Remember last fall when the province came up with an old-growth plan? And they gave First Nations 30 days to decide if they were on board?
The Hu-ay-aht First Nation was the first to respond. They postponed logging old-growth in all but 4% of their territory.
But because they were only given 30 days, they also said their plans could shift a little.
The coastal Indigenous group Na̲nwaḵolas Council is now responding to the same proposal from the government. They took a bit more time to sort things out. Because let’s be honest, 30 days is not enough time.
Dallas Smith is the president of the Na̲nwaḵolas Council. On January 19, he said the deferral “will prioritize some of the rarest and oldest forests.”
The Na̲nwaḵolas Council is made up of the Mamalilikulla, Tlowitsis, Da’naxda’xw Awaetlala, Wei Wai Kum, and K’ómoks First Nations. Their Aweenak’ola, or “the lands we are on,” is home to ancient forests on northern Vancouver Island and parts of the coastal mainland.

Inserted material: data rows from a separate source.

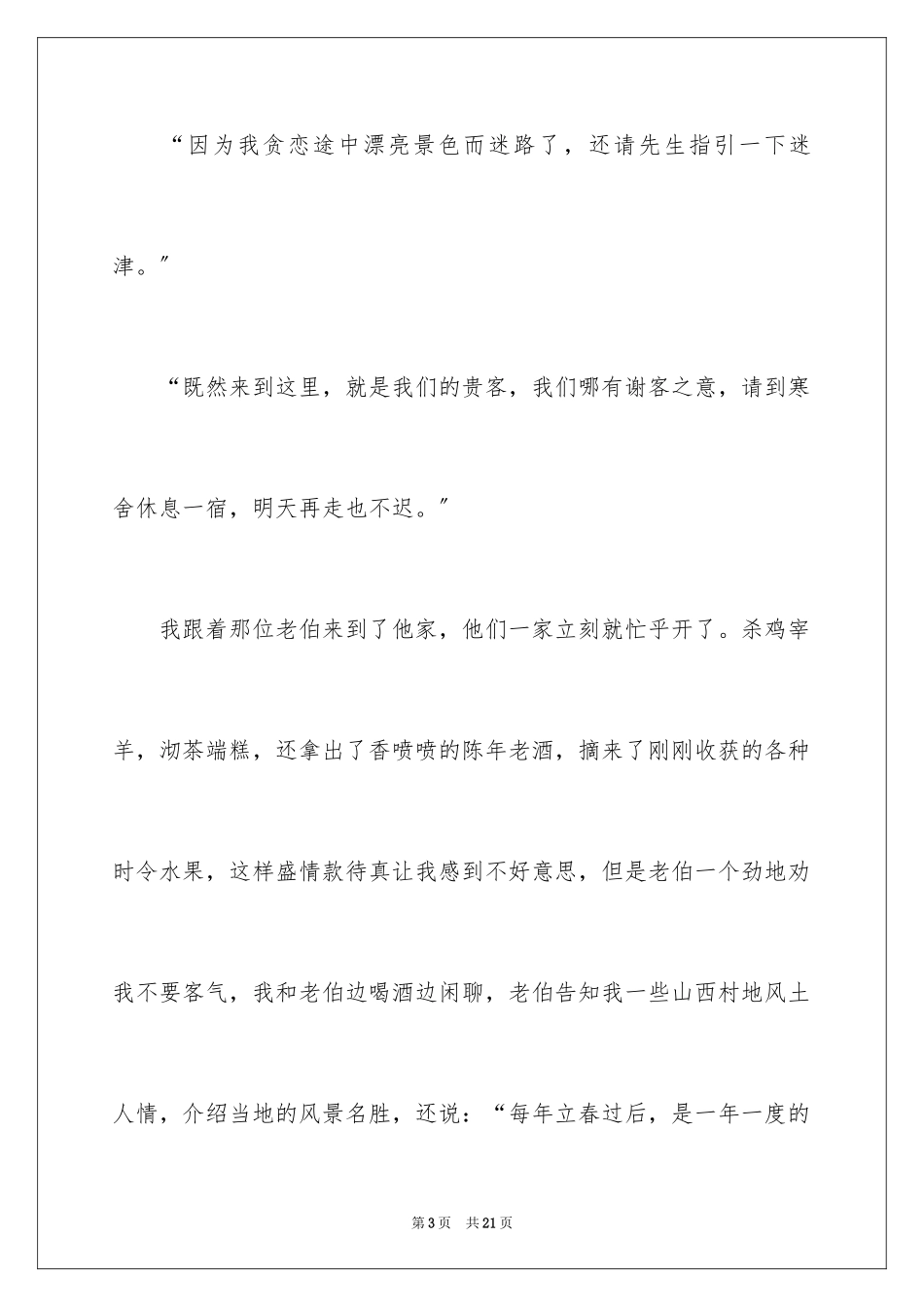 2023年古诗作文4.docx_第3页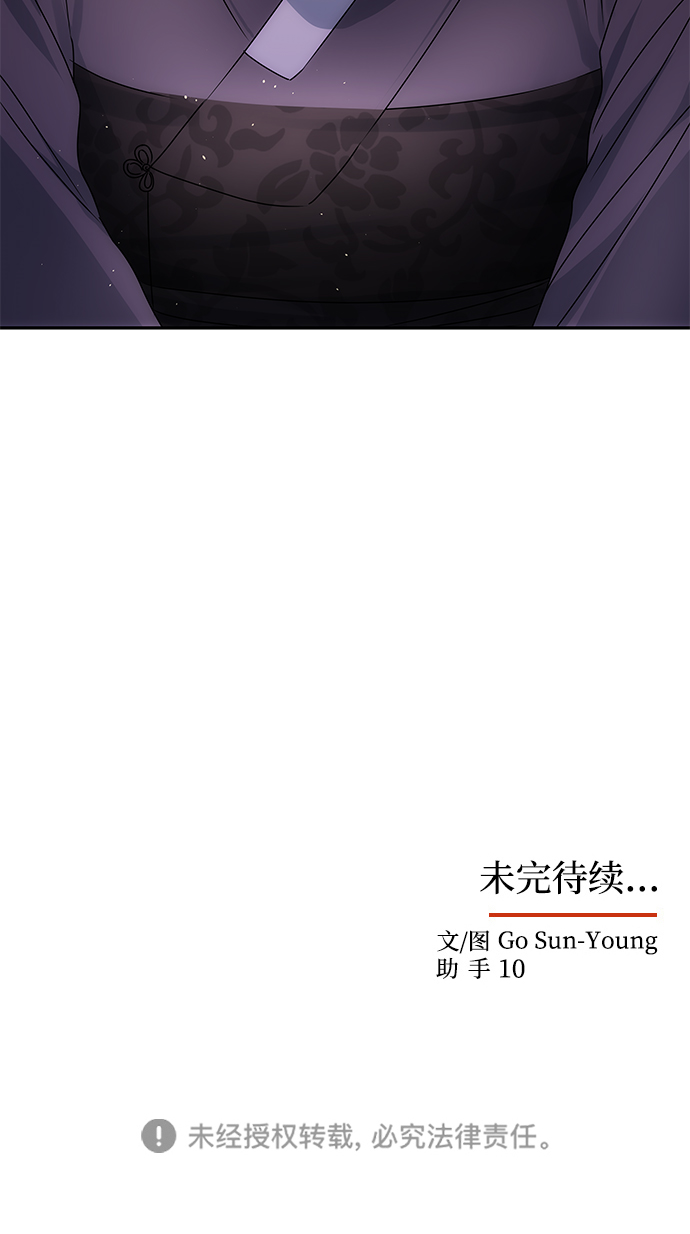 [第48话] 剑舞83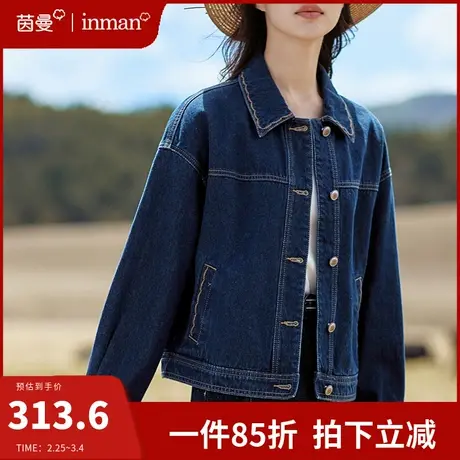 茵曼旗舰店牛仔外套女短款春秋宽松外搭牛仔衣小个子上衣2024新款图片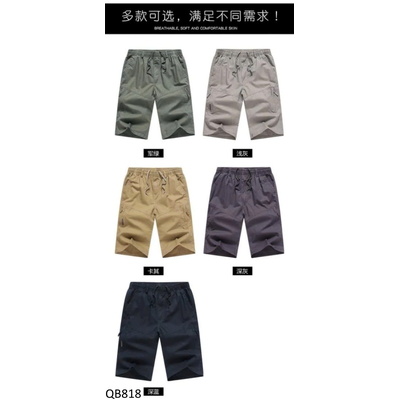 QB818 QUẦN SHORT KAKI NAM DÁNG LỬNG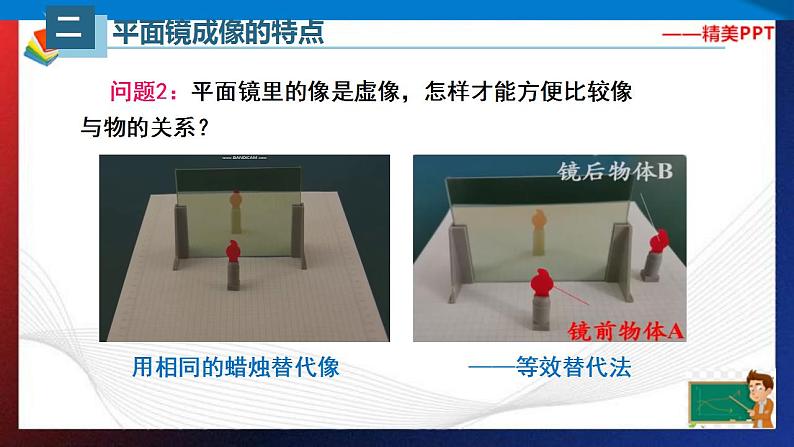 4.3平面镜成像（课件）2023-2024学年八年级上册物理同步精品备课（人教版）第8页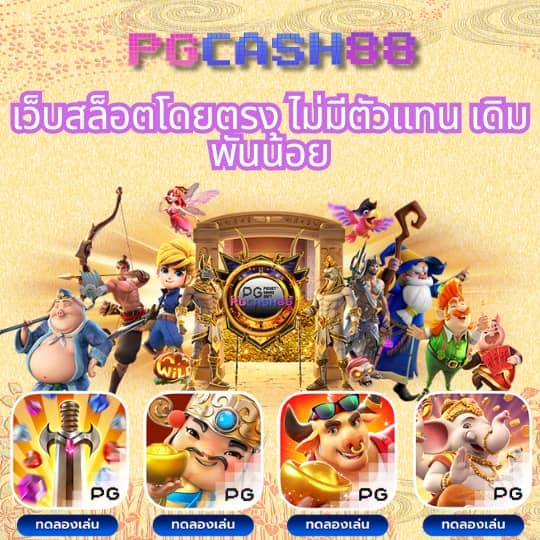 10 รับ 100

A lot of that land is in the region covered by Tree Forest License 39-2, which cuts west across central Vancouver Island from Port McNeil to just north of Campbell River. TheTree Forest License grants Western Forest Products virtually exclusive rights to log in this area.
The new agreement protects all of the ancient and remnant trees in 1,068 hectares identified by the province’s Old Growth Technical Advisory Panel (TAP). That’s on top of another 1,500 hectares the Na̲nwaḵolas Council protects through other agreements signed in 2020.
Smith explained that it’s hard work trying to balance the needs of the forest with the cultural and financial needs of the Council’s nations.
“We have done a lot of work to put us in a position to actively engage Western and others around our important cultural and ecological values while balancing the socioeconomic needs of our communities and the surrounding region.”
So far, about two-thirds of BC’s 204 Indigenous communities have responded to the government’s old-growth proposal.